EXERCISE BRIEF. From the data below, copy exactly the lines that lie between the one holding "ТЁМНЫЙ Ш-Д МОЛОЧНЫЙ" and the one holding "Bánh quy Danisa", including both, and nothing more.

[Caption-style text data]
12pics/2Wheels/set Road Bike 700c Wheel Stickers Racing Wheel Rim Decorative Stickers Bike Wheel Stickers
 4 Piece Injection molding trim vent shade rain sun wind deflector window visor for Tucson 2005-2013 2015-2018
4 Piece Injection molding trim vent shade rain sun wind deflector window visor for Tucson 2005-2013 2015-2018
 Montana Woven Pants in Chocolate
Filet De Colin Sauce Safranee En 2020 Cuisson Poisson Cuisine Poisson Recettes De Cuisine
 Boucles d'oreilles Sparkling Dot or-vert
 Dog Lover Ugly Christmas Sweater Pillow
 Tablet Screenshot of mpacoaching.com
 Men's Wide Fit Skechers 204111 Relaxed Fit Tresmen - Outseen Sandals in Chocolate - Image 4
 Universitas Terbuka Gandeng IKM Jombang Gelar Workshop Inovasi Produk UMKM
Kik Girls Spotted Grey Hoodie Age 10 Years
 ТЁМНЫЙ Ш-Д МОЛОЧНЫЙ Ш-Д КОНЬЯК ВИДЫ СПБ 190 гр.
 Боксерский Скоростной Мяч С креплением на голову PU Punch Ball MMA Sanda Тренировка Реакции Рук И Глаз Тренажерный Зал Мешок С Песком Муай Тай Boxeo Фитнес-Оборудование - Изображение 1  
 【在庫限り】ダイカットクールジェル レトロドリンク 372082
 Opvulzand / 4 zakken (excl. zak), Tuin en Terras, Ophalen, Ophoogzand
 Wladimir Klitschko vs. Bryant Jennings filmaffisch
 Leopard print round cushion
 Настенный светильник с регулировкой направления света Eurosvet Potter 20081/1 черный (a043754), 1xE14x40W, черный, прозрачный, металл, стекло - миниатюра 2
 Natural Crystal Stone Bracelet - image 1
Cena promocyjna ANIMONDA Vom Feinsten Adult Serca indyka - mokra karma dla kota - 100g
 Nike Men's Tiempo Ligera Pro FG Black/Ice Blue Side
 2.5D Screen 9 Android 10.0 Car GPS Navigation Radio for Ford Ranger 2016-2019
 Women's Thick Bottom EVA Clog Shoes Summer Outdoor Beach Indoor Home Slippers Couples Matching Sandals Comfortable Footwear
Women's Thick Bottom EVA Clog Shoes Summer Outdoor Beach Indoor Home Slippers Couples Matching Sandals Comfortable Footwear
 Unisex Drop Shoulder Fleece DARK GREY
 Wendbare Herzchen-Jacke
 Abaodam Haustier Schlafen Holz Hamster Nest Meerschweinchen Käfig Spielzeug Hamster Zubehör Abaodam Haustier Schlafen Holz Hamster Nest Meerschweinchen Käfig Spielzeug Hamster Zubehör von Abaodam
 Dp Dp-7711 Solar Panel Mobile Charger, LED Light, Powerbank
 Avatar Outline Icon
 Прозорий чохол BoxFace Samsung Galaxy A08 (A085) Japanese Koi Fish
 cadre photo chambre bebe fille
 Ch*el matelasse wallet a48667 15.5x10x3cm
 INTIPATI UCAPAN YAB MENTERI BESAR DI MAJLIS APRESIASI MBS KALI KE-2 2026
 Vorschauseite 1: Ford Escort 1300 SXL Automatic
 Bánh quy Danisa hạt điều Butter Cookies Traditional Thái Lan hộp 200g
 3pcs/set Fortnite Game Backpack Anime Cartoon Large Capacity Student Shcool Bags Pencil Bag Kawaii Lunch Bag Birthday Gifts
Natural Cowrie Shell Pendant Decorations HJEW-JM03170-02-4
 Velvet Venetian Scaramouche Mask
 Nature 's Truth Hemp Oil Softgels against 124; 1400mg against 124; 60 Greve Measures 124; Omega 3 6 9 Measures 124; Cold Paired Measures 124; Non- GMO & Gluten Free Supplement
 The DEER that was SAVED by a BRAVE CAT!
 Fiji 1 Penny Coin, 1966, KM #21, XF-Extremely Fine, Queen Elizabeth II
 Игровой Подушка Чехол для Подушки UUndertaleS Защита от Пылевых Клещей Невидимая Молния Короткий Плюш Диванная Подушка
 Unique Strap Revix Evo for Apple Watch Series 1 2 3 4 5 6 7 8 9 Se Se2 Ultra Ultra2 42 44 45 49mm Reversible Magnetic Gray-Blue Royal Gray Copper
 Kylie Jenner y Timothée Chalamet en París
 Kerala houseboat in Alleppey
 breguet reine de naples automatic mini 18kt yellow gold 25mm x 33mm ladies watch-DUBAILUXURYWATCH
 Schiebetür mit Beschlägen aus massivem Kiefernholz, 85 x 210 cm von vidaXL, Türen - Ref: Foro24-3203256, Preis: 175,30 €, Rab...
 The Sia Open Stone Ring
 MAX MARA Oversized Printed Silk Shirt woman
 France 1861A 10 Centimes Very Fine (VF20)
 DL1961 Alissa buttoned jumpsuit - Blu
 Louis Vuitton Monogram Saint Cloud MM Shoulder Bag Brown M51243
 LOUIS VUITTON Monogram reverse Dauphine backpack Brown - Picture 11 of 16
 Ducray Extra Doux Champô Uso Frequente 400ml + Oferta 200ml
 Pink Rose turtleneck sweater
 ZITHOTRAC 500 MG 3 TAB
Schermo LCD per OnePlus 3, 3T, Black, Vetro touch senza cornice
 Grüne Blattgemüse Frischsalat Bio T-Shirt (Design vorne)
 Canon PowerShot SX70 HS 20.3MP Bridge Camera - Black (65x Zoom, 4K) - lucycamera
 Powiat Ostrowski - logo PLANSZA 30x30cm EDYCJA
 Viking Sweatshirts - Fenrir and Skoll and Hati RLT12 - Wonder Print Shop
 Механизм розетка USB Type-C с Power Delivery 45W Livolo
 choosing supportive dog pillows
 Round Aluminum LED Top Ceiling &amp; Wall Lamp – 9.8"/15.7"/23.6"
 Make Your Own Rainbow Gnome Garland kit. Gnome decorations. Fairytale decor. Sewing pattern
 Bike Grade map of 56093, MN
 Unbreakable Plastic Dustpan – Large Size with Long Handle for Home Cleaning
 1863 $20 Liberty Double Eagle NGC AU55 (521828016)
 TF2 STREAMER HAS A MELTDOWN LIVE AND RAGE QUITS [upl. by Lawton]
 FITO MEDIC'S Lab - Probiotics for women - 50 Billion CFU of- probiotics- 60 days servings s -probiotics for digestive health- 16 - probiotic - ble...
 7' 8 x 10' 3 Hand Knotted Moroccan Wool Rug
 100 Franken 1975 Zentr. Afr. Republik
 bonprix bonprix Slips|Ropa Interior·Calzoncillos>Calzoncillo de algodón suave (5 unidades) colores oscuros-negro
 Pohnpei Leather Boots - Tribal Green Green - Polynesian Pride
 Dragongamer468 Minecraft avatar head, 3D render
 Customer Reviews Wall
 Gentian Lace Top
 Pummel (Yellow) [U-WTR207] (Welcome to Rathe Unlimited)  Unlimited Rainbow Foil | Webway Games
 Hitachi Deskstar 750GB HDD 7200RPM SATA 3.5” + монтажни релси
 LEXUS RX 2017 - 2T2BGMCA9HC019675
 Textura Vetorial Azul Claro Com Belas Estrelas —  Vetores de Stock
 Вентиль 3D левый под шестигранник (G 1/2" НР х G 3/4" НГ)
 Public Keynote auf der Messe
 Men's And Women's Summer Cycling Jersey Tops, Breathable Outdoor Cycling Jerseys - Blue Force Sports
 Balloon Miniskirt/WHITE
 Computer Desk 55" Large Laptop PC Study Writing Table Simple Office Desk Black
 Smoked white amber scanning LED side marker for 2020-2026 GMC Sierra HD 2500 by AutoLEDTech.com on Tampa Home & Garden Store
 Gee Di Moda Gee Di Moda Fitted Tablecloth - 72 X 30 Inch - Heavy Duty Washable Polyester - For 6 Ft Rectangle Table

WRITTEN REPLY.
 ТЁМНЫЙ Ш-Д МОЛОЧНЫЙ Ш-Д КОНЬЯК ВИДЫ СПБ 190 гр.
 Боксерский Скоростной Мяч С креплением на голову PU Punch Ball MMA Sanda Тренировка Реакции Рук И Глаз Тренажерный Зал Мешок С Песком Муай Тай Boxeo Фитнес-Оборудование - Изображение 1  
 【在庫限り】ダイカットクールジェル レトロドリンク 372082
 Opvulzand / 4 zakken (excl. zak), Tuin en Terras, Ophalen, Ophoogzand
 Wladimir Klitschko vs. Bryant Jennings filmaffisch
 Leopard print round cushion
 Настенный светильник с регулировкой направления света Eurosvet Potter 20081/1 черный (a043754), 1xE14x40W, черный, прозрачный, металл, стекло - миниатюра 2
 Natural Crystal Stone Bracelet - image 1
Cena promocyjna ANIMONDA Vom Feinsten Adult Serca indyka - mokra karma dla kota - 100g
 Nike Men's Tiempo Ligera Pro FG Black/Ice Blue Side
 2.5D Screen 9 Android 10.0 Car GPS Navigation Radio for Ford Ranger 2016-2019
 Women's Thick Bottom EVA Clog Shoes Summer Outdoor Beach Indoor Home Slippers Couples Matching Sandals Comfortable Footwear
Women's Thick Bottom EVA Clog Shoes Summer Outdoor Beach Indoor Home Slippers Couples Matching Sandals Comfortable Footwear
 Unisex Drop Shoulder Fleece DARK GREY
 Wendbare Herzchen-Jacke
 Abaodam Haustier Schlafen Holz Hamster Nest Meerschweinchen Käfig Spielzeug Hamster Zubehör Abaodam Haustier Schlafen Holz Hamster Nest Meerschweinchen Käfig Spielzeug Hamster Zubehör von Abaodam
 Dp Dp-7711 Solar Panel Mobile Charger, LED Light, Powerbank
 Avatar Outline Icon
 Прозорий чохол BoxFace Samsung Galaxy A08 (A085) Japanese Koi Fish
 cadre photo chambre bebe fille
 Ch*el matelasse wallet a48667 15.5x10x3cm
 INTIPATI UCAPAN YAB MENTERI BESAR DI MAJLIS APRESIASI MBS KALI KE-2 2026
 Vorschauseite 1: Ford Escort 1300 SXL Automatic
 Bánh quy Danisa hạt điều Butter Cookies Traditional Thái Lan hộp 200g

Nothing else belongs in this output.